Then we walked over to the Aizu Samurai Residences.
The main house is the residential + office of the top-ranking Edo period Aizu retainer, Tanomo Saigo. His house was super super big with 38 rooms and was home to the Saigo Clan and also his retainers and servants.
But what was really memorable was that during the Battle of Aizun the women of Tanomo's family committed mass suicide.
One of the reconstructed main hall depicts a scene of the women’s suicide, with Saigō Tanomo’s wife too weak to kill herself imploring a Tosa officer wearing a red wig headdress to set an end to her life, a request he graciously complies with even though he is an enemy. [copied from some website]. Apparently the women did not want tob urden their fighting husbands, fathers, and relatives in battle. It's something I cannot really understand... but I guess women of their generation and era think differently?
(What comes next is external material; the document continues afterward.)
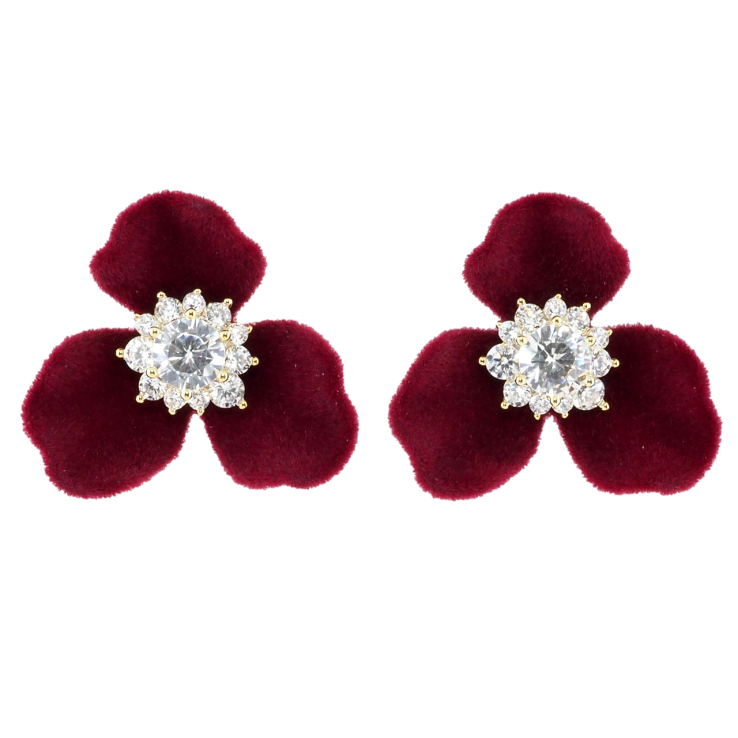 Серьги Xuping JEAN GOUJON Позолота 14K пусеты Бордовые бархатные цветочки фото №7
First visit was to Kondo Isami's grave.
Yes, I'm a huge Shinsengumi fan ever since I watched the 2004 NHK Taiga drama Shinsegumi many many years ago. That's also why Aizu was on one of my travel bucket list.
Anyway, apparently Kondo Isami has at least 4 grave sites and it's believed that the first of them was this grave in Aizu that was set up and supervised personally by Hijikata.😭😢. The route from the bus stop to his grave is a slow ascend, near the end the road goes into a foresty area but it's not that difficult to walk.
It's a very quiet and peaceful place that I'm glad I visited.
After lunch we bought the 1 day bus pass to travel around Aizu-Wakamatsu.
They have 2 types of buses that run the same route but on opposite directions. I'm still kind of confused over the buses, but somehow we got to where we wanted to. What's interesting is that they have many different types of buses and all look kind of different from each other.